**REQUIREMENT:**
Word for word, copy out the data below, omitting pictures.

**SOURCE MATERIAL:**
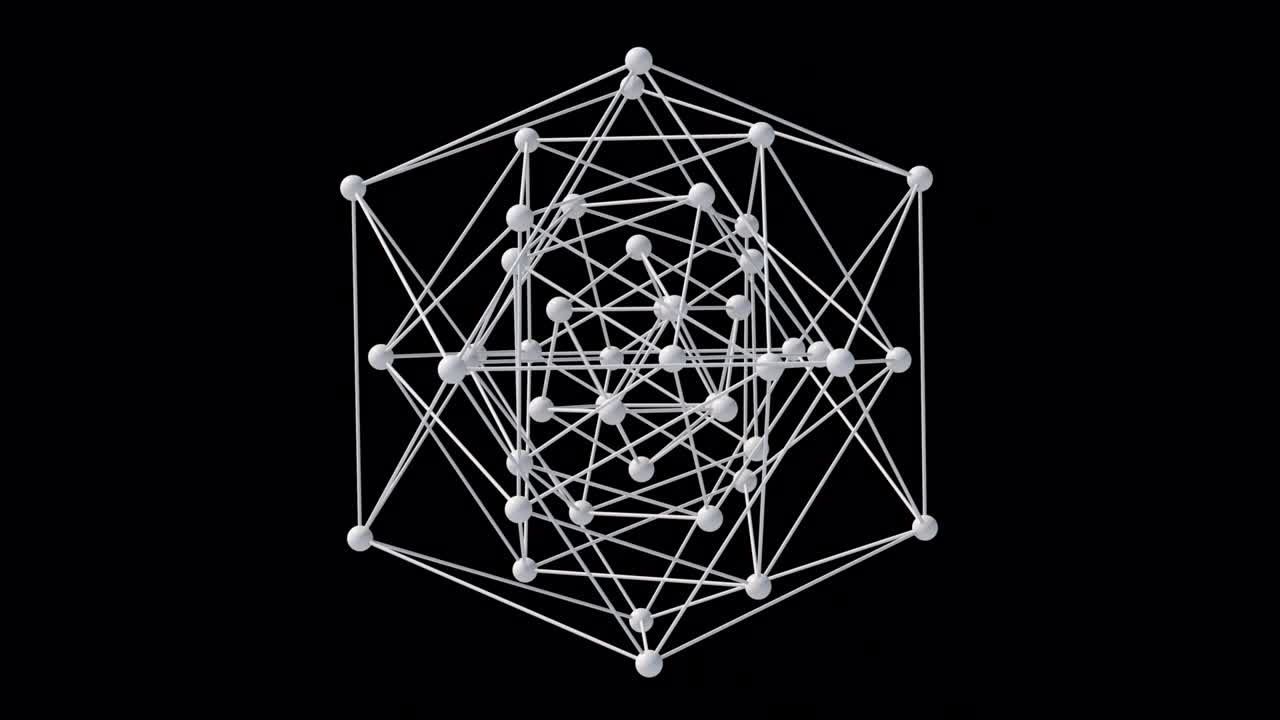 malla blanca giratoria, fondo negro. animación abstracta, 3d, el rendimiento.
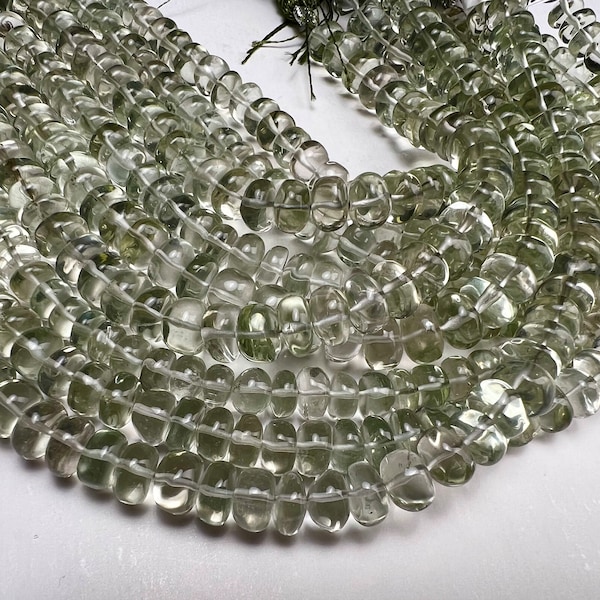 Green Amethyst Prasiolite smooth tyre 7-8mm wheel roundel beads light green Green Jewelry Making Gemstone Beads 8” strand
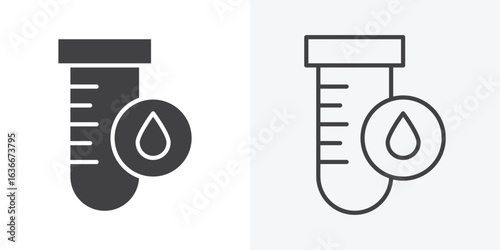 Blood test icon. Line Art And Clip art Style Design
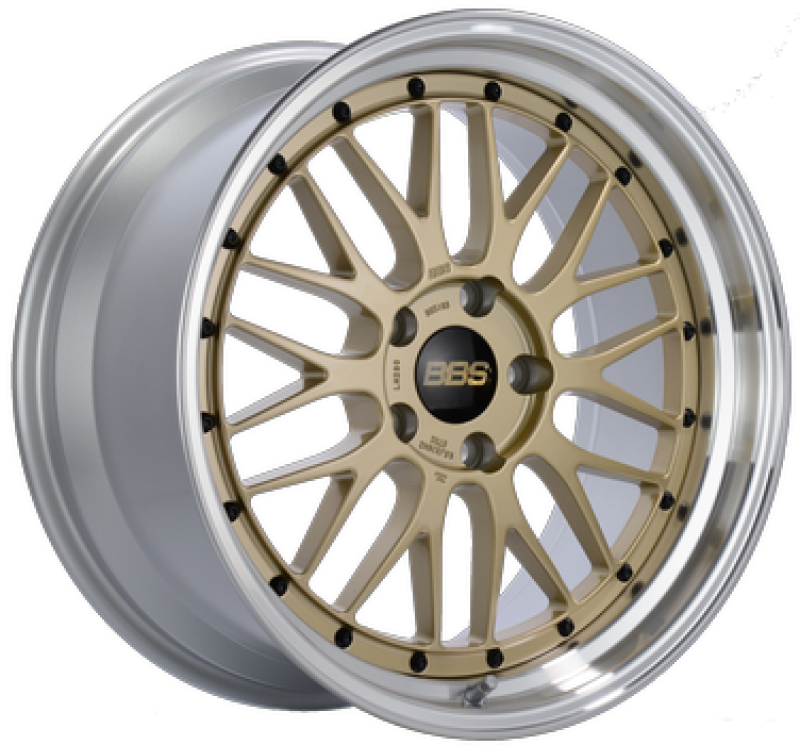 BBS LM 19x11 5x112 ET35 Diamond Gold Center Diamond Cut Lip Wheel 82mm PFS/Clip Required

**EXPECTED ANSWER:**
 malla blanca giratoria, fondo negro. animación abstracta, 3d, el rendimiento.
 Green Amethyst Prasiolite smooth tyre 7-8mm wheel roundel beads light green Green Jewelry Making Gemstone Beads 8” strand
 Blood test icon. Line Art And Clip art Style Design
 BBS LM 19x11 5x112 ET35 Diamond Gold Center Diamond Cut Lip Wheel 82mm PFS/Clip Required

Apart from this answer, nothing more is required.